First, we investigated whether we find reads mapping to precursors where just the 3′ or the 5′ mature miRNA has been annotated in miRBase 20, whether the respective reads are mapping to the potential novel mature miRNA in an adequate manner and whether the respective potential novel mature miRNA is dys-regulated between Alzheimer Disease patients and matched controls. Indeed, we found several miRNAs matching the criteria above. One of the most prominent examples was miR-2110. Here, we found a potential novel mature form consisting of 26 bases. On average, 52 reads mapped to this novel mature form, more interestingly, expression for Alzheimer Disease patients was 1.6 fold higher than for controls (p = 0.0001). The graphical output generated by miFrame for this miRNA is presented in Figure 5a (upper part: pileup plot, lower right part: along precursor read distribution, lower left part: along precursor p-values). While this mature form has not been annotated in the miRBase, yet, a recent publication described the respective miRNA as novel mature 3′ form of miR-2110 [18]. In this case, the aggregation analysis highlighted that in so far 100% of all analyses (time of analysis: June 2015) carried out whit the aggregation option enabled this novel mature miRNA was observed. In some cases, we observe miRNAs in a position of a precursor where no mature form is expected at all while the actual mature form as observed in the miRBase is not covered by a single read. One respective example, miR-4472-2 is presented in Figure 5b. Again, reads outside of the annotated 5′ mature miRNA were observed in 100% of all analyses carried out.

Figure 5
figure 5

a Potential novel mature miRNA. The upper part of the figure presents the pileup plot (similar to Figures 3, 4). Just one mature form is annotated in miRBase V20, namely the 5p form (colored in red and shaded in blue). Nevertheless, many reads map to the position where a 3p version could be located. The lower right part shows the significant down-regulation of this miRNA in controls as compared to Alzheimer Disease patients. The lower left image presents beyond the significance the absolute rad count per sample. Green samples correspond to cases and red samples to controls. b For miR-4472, just one mature form (5p) is annotated in the miRBase. While we do not observe mappings to this position, we observe mappings to the position where the 3p mature form could be expected.
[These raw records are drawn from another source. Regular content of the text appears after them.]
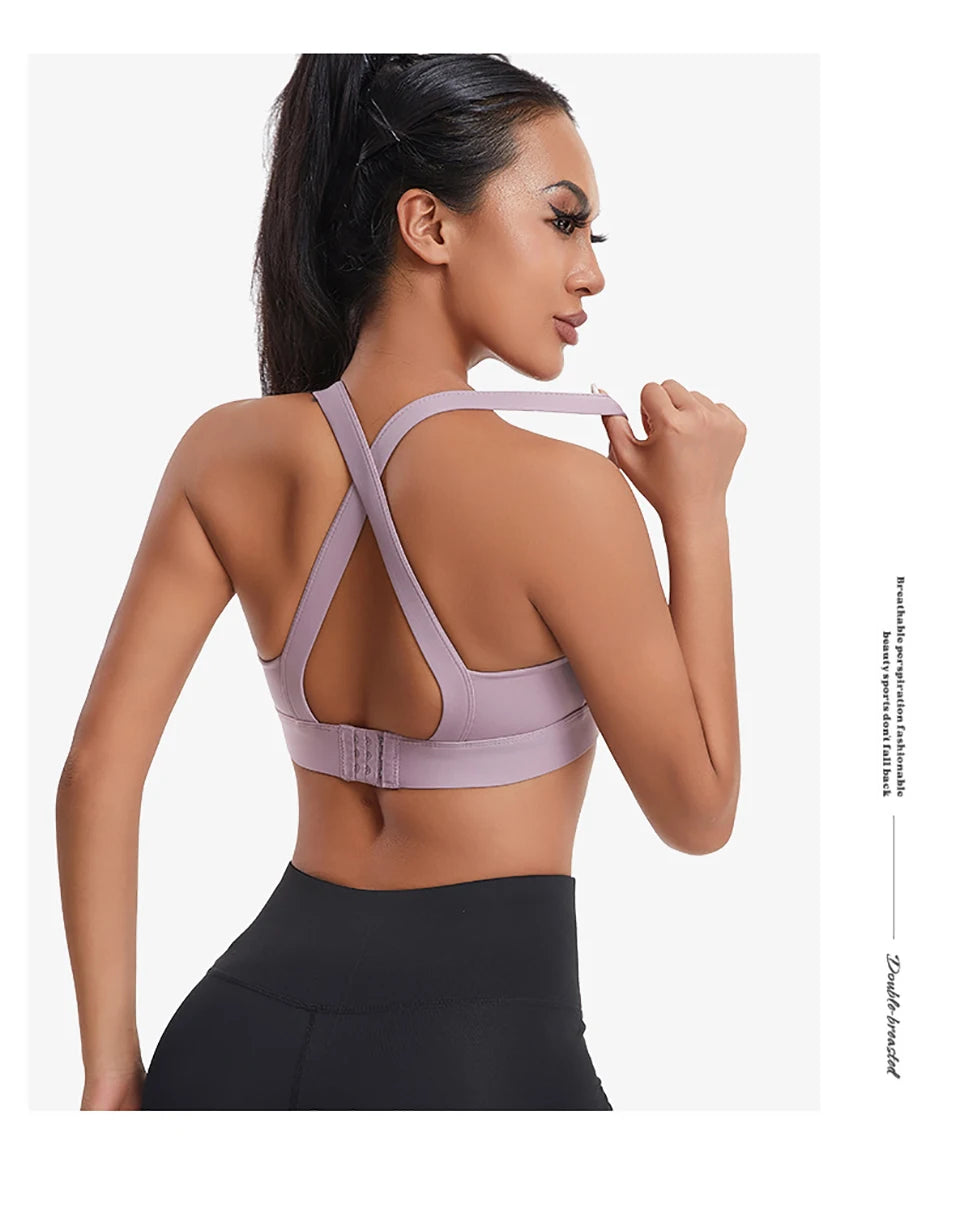 Women’s Sports Bra Padded Gym Comfort Supportive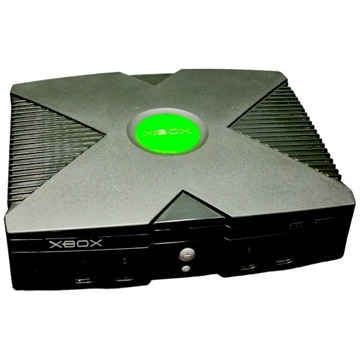 Ładna Konsola Microsoft Xbox Classic , retro zestaw bezprzewodowy pad i gra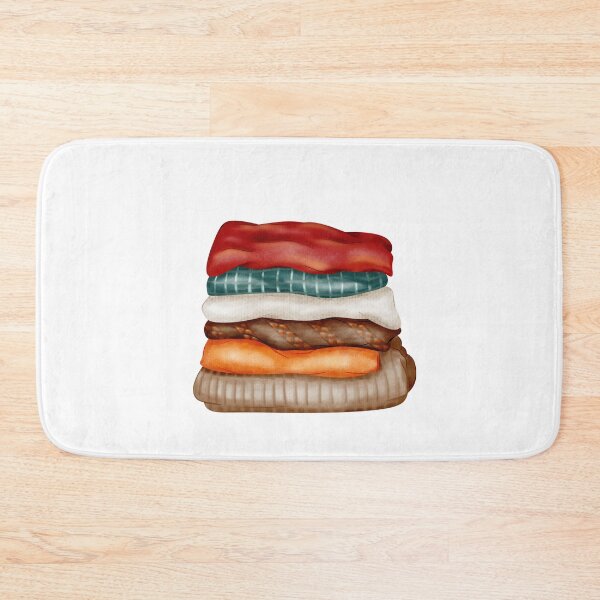 Item preview, Stacked Cozy Blankets Watercolor Illustration designed and sold by ArtTinulyaOk.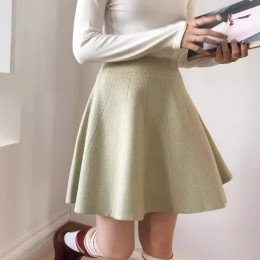 5컬러 하이웨이스트 플레어 스커트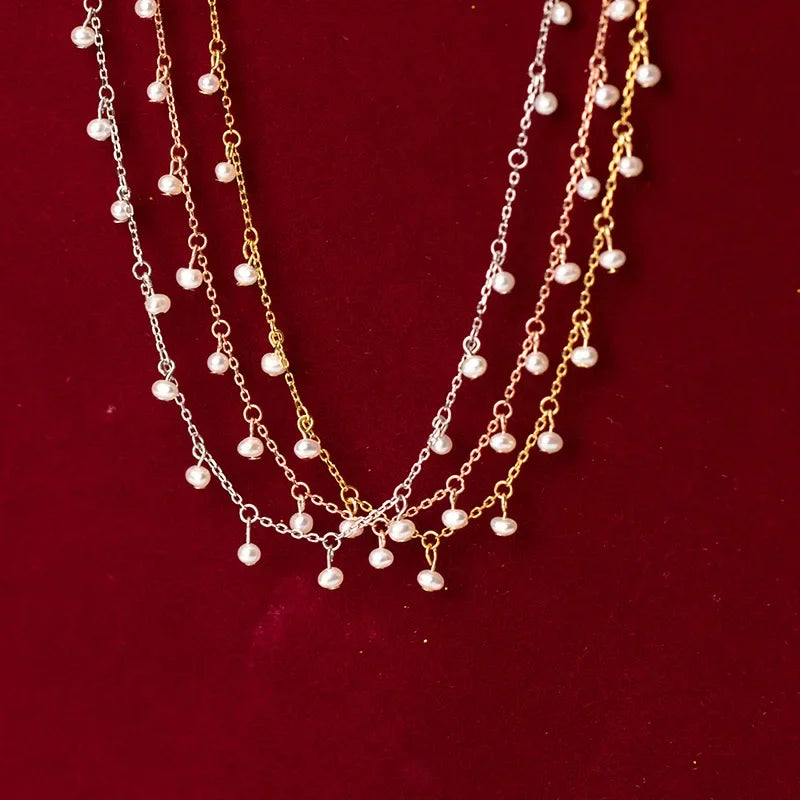 Minimalist Elegant Pearl Short Clavicle Necklace DA1221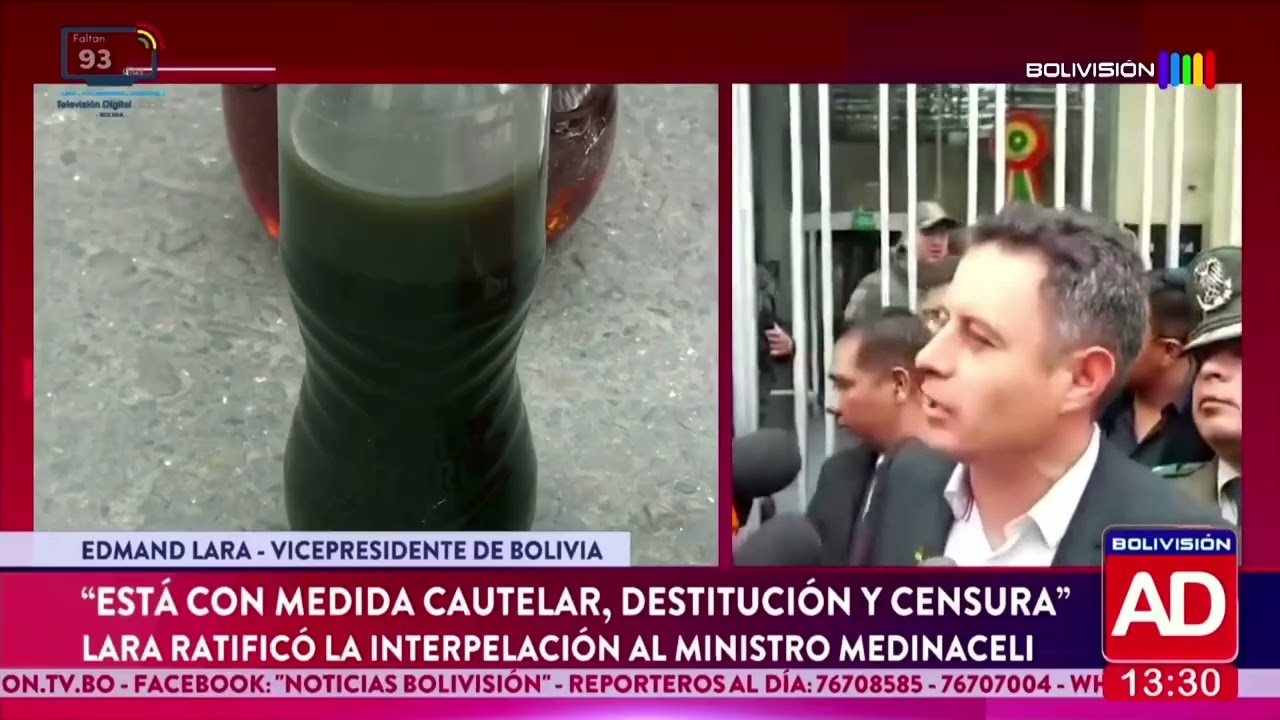 Edmand Lara convoca interpelación al ministro Mauricio Medinaceli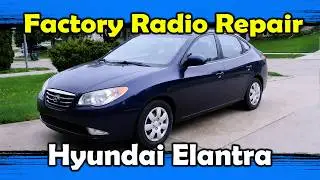 2008 Hyundai Elantra - Factory Radio / CD Player Repair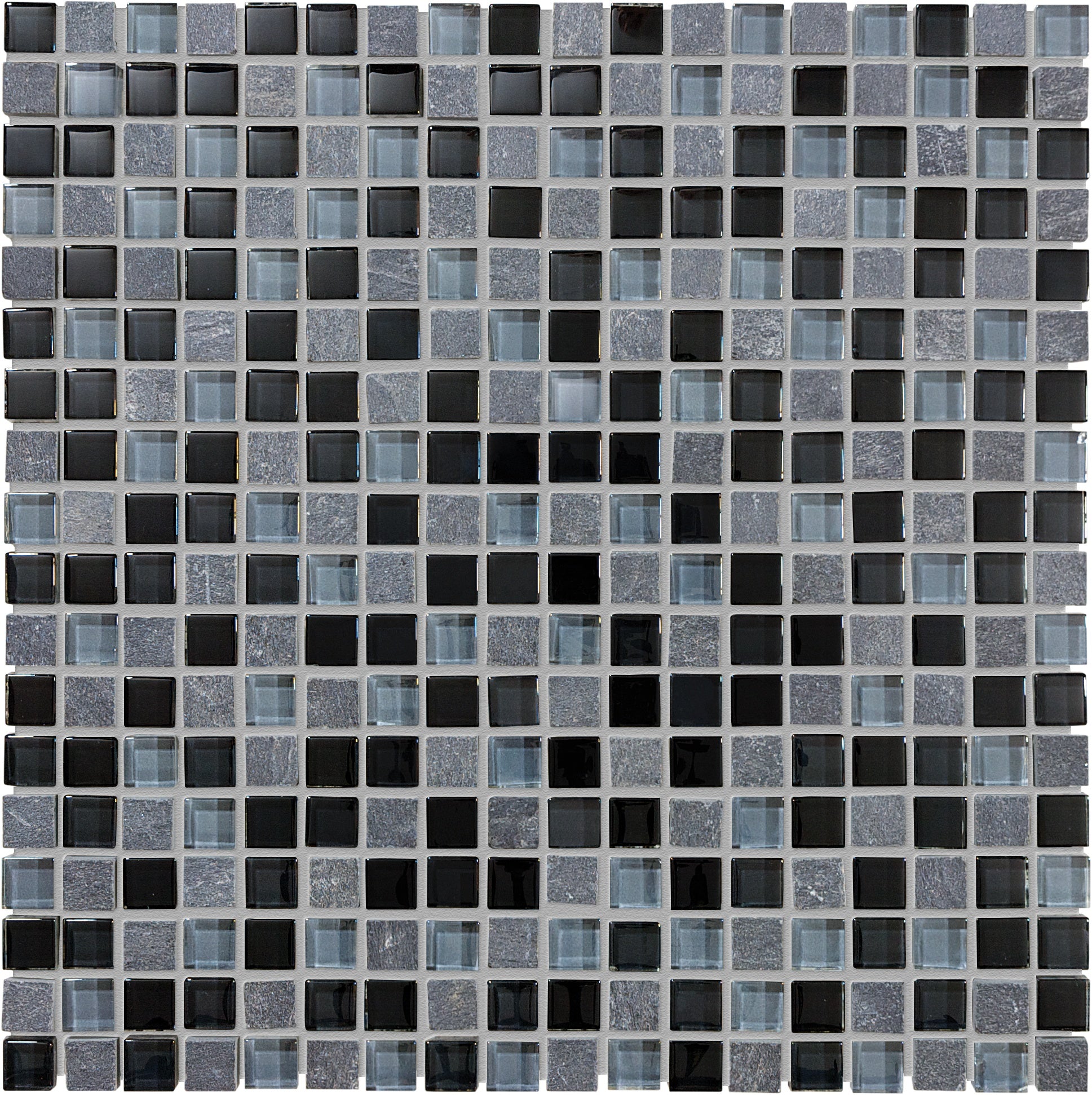 mosaic by Anatolia Tile, top-down product view, 5/8" size. Premium porcelain for floors and walls.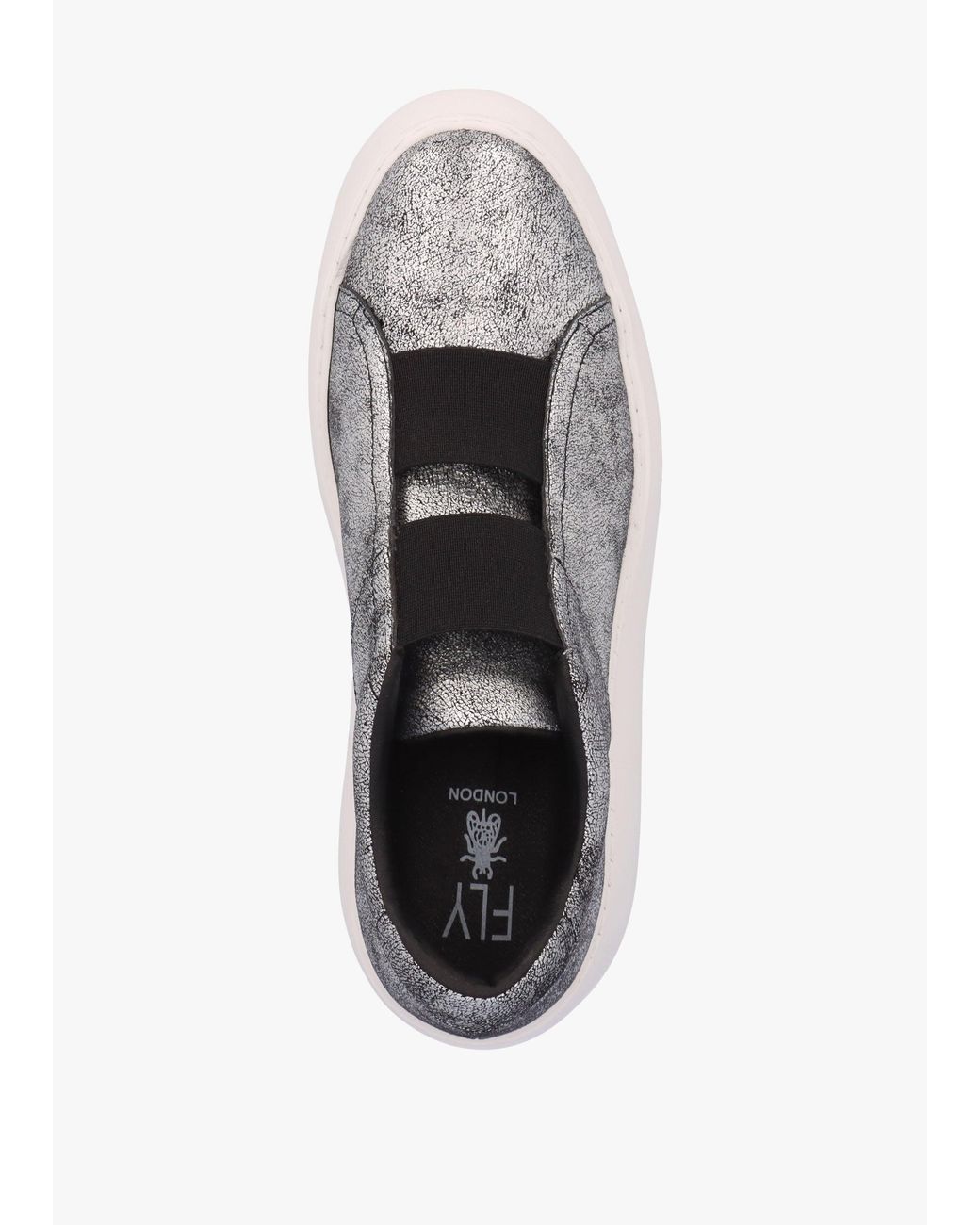 Fly London White Dito Ii Leather Wedge Trainers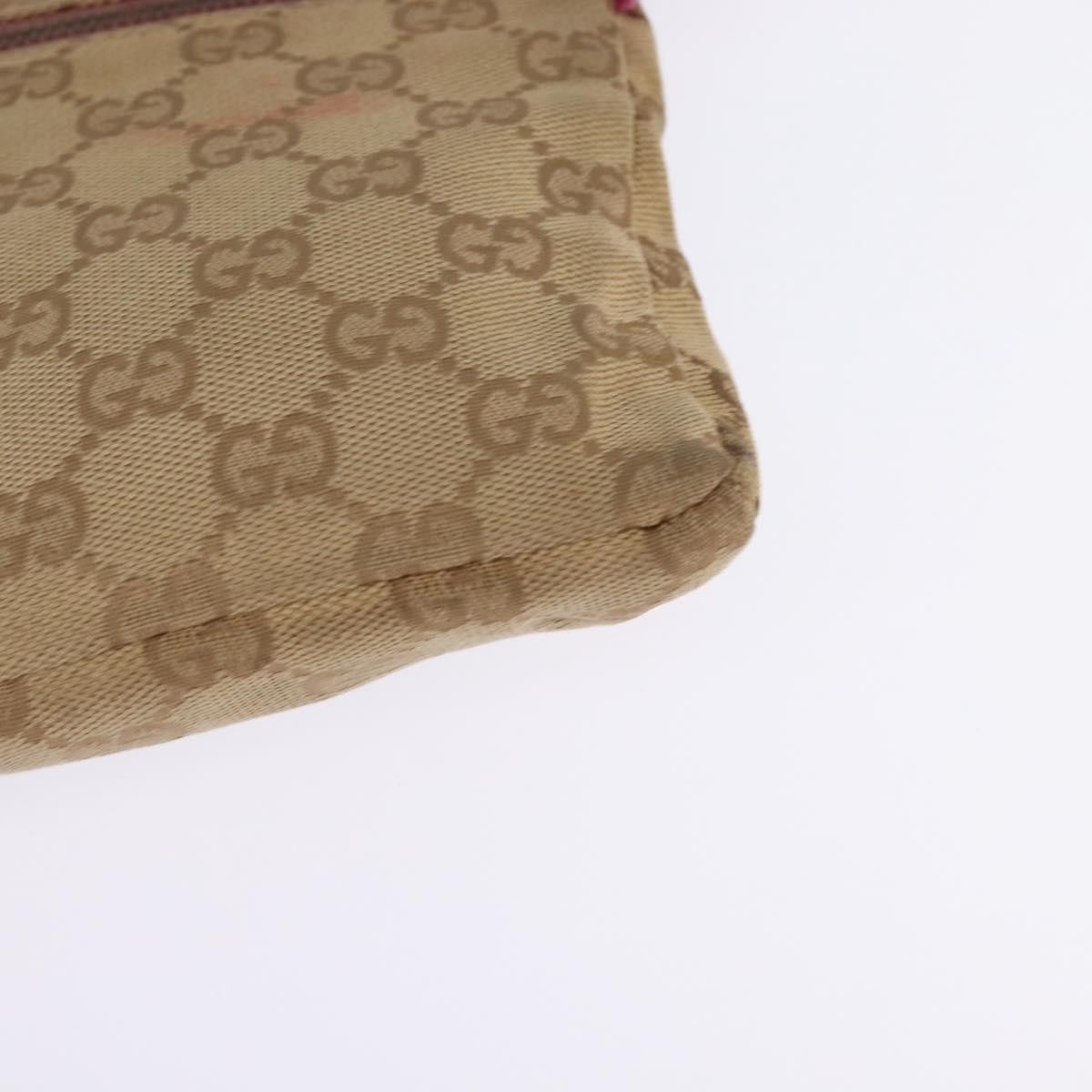 Gucci Gucci Vintage Double Belt Bag GG Canvas with Leather Size ONE SIZE - 10 Thumbnail
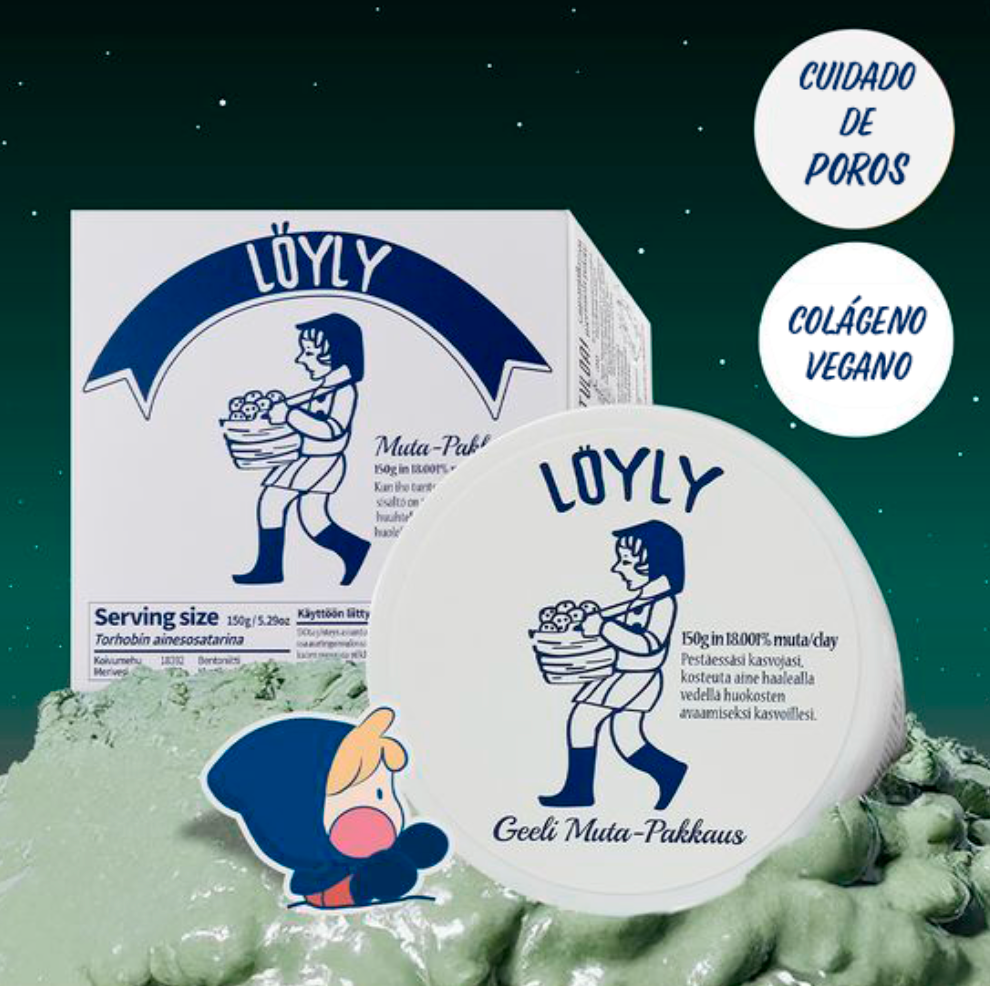 Loyly Green mud Vegan Collagen Mask | Tratamiento para poros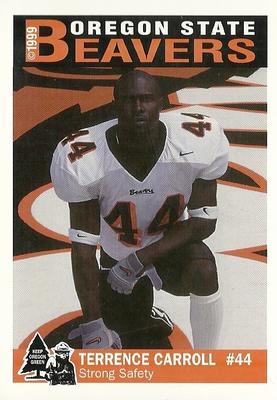 1999 Oregon State Beavers Smokey #NNO Terrence Carroll Front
Besides detecting novel mature miRNAs, miFRame also offers to discover iso-miRNAs. Here, specifically variants with extended mature miRNA reads in a window specified by the user are reported. To quantify the effect, miFRame calculates the frequency of reads mapping for samples in the window outside the annotated miRNA. Besides the tabular output, again, the respective graphical output supports to detect potential iso-microRNA candidates. These are shown by peaks in the significance plots at the 3′ and/or 5′ end of known mature miRNAs. A representative example is presented in Figure 6. Here, the significance and read distribution across the precursor for miR-30d is presented. For the 5′ mature form of this miRNA, significantly extended reads in case of Alzheimer Disease patients can be detected. While the average significance is in the range of 2 × 10−4, p-values for the 3′ and 5′ end of the mature miRNA are as high as 10−6. Other interesting examples are shown in Figure 7. Figure 7a represents the pileup plot for miR-1307-5p. Here, control samples show in 64% of cases an extension by 1 or 2 bases at the 3′ side of the 5′ mature miRNA. In contrast, just 29% of Alzheimer Disease patients show such an extension by 1 or 2 bases. The aggregation analysis showed that respective differences are observed in around one-third of all analyses (pie plot in the lower part of that figure). Figure 7b presents the pileup for miR-3127-3p. In this case, Alzheimer Disease patients show a doubled frequency of bases covered to the 3′ end of this miRNA as compared to controls. Here, the aggregation analysis revealed that respective changes are usually not observed. Finally, Figure 7c presents miR-378b. The 3′ end of the 3′ miRNA is covered in 50% of all cases at a window size of 2 while this holds just for 5% of controls. Again, just very few results had similar reads mapping at the 3′ end of this miRNA.

Figure 6
figure 6

potential isoforms of miR-30d-5p. The bar-plot on the right hand side shows increased significance at the edges of miR-30d-5p. In this case, Alzheimer Disease patients have higher expression on few base positions outside the annotated miRNA. This can be also seen on the read distribution plot on the right hand side. At position 26–29, Alzheimer Disease patients (green) have significantly higher coverage than controls.

Figure 7
figure 7

a Pileup plot for miR-1307. In case of miR-1307-5p, control patients show increased frequency of 1–2 base shifts at the 3p end. The pie diagram at the lower part of the figure shows that around one-third of all analyses revealed respective iso-forms. b Pileup plot for miR-3172. For miR-3127-3p, AD samples are frequently shifted by 1–2 bases to the 3p end of this miRNA. The pie chart as result of the aggregation analysis indicates that respective results are usually not observed. c Pileup plot for miR-378b. Extended mappings at the 3p end of this miRNA are almost exclusively observed for AD patients.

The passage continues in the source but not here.